— EXERCISE —
Would you set down the lines running from the one that holds "Pleci Dakun Banyuwangi" to the final line of the listing, both included, exactly and with no others?

— MATERIAL PROVIDED —
┌──

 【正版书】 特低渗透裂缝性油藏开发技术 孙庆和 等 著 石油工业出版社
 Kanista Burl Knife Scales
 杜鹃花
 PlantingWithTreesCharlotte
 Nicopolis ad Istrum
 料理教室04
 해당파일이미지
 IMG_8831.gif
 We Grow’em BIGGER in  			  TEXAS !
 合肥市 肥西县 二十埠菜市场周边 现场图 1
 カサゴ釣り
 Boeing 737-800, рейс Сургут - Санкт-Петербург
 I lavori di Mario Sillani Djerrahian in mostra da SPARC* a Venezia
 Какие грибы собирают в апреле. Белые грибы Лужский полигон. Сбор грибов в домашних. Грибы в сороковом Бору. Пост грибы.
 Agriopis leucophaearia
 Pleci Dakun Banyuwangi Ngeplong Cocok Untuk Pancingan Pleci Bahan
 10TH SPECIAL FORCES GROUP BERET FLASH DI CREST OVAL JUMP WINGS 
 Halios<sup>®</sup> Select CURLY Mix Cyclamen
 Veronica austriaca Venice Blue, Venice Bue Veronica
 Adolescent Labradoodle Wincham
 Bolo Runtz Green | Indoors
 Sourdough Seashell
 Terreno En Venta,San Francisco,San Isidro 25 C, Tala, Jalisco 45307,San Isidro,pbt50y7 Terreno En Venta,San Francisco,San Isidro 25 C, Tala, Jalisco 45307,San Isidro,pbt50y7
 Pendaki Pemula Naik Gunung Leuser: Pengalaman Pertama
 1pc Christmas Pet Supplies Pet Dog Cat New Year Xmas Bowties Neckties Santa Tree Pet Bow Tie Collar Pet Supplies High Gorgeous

└──

— OUTPUT FOR THIS EXERCISE —
 Pleci Dakun Banyuwangi Ngeplong Cocok Untuk Pancingan Pleci Bahan
 10TH SPECIAL FORCES GROUP BERET FLASH DI CREST OVAL JUMP WINGS 
 Halios<sup>®</sup> Select CURLY Mix Cyclamen
 Veronica austriaca Venice Blue, Venice Bue Veronica
 Adolescent Labradoodle Wincham
 Bolo Runtz Green | Indoors
 Sourdough Seashell
 Terreno En Venta,San Francisco,San Isidro 25 C, Tala, Jalisco 45307,San Isidro,pbt50y7 Terreno En Venta,San Francisco,San Isidro 25 C, Tala, Jalisco 45307,San Isidro,pbt50y7
 Pendaki Pemula Naik Gunung Leuser: Pengalaman Pertama
 1pc Christmas Pet Supplies Pet Dog Cat New Year Xmas Bowties Neckties Santa Tree Pet Bow Tie Collar Pet Supplies High Gorgeous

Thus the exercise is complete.